← Back to homepage

Performing OPTICS clustering with Python and Scikit-learn

December 15, 2020 by Chris

Unsupervised Machine Learning problems involve clustering, adding samples into groups based on some measure of similarity because no labeled training data is available. There are many algorithms for clustering available today. OPTICS, or Ordering points to identify the clustering structure, is one of these algorithms. It is very similar to DBSCAN, which we already covered in another article. In this article, we'll be looking at how to use OPTICS for clustering with Python.

It is structured as follows. Firstly, in order to provide you with the necessary context, we will briefly look at clustering. We will see what it is and how it works generally speaking. Then, we'll move on to the conceptual details of OPTICS. We will take a look at its components, the algorithm and its dendogram output called a reachability plot, and how to generate clusters from the diagram.

Once we know the ins and outs of the components and the algorithm, we move forward to a practical implementation using OPTICS in Scikit-learn's sklearn.cluster module. We will see how we can generate a dataset for which we can generate clusters, and will apply OPTICS to generate them. Using this step-by-step example, you will see how you can build an OPTICS based clustering model with Python.

In other words, after reading this article, you'll both know how OPTICS works and have the skills to apply it to your own Machine Learning problem.

Let's take a look! :)

What is clustering?

Before we start looking at how OPTICS works, it is worthwhile to consider clustering in general first. Because, well, what is clustering?

Let's take a look at a definition.

Cluster analysis or clustering is the task of grouping a set of objects in such a way that objects in the same group (called a cluster) are more similar (in some sense) to each other than to those in other groups (clusters).

Wikipedia (2004)

In other words, suppose that we have a dataset like this one:

Intuitively, we can already see that there are two groups of data: one towards the bottom left part of the plot, another towards the upper right part of the plot.

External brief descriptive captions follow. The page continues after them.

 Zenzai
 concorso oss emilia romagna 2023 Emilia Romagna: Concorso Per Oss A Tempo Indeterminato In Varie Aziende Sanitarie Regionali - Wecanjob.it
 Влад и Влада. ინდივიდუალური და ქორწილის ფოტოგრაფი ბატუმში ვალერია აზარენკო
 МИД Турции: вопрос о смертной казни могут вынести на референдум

But the machine doesn't know this yet. Rather, it just has an array with samples and their corresponding \(X[0]\) and \(X[1]\) positions, allowing us to generate the plot.

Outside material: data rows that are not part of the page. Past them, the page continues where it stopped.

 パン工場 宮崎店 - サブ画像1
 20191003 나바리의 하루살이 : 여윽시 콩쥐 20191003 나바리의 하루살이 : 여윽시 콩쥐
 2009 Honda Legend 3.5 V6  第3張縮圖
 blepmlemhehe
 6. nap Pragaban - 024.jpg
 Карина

Clustering algorithms are designed to select points which look like each other (and hence have high similarity) and assign them to the same group. In other words, if such an algorithm is deployed for the dataset visualized above, the desired end goal is that it finds the samples in the left corner so similar with respect to the ones in the right corner that it assigns group 0 to the bottom left ones, and 1 to the upper right ones.

Unsupervised learning is a type of machine learning that looks for previously undetected patterns in a data set with no pre-existing labels and with a minimum of human supervision.

Wikipedia (2003)

In doing so, they have no information about the actual groups; they just have the positions. This is why clustering algorithms are called unsupervised: no pre-existing labels are there, and yet they are capable of finding patterns allowing us to group the samples. Really nice!

OPTICS is such a clustering algorithm. Now that we know about clustering in general, let's take a look at how it works :)

Introducing OPTICS: a relative of DBSCAN

Ordering points to identify the clustering structure, or OPTICS, is an algorithm for density based clustering. It's quite an old algorithm already, as it was presented in 1999. Nevertheless, it is still a good algorithm today - not everything that's no longer new and shiny must be discarded. It is similar to the DBSCAN algorithm for clustering, an extension even, and hence borrows some of its components as well as its algorithmic components.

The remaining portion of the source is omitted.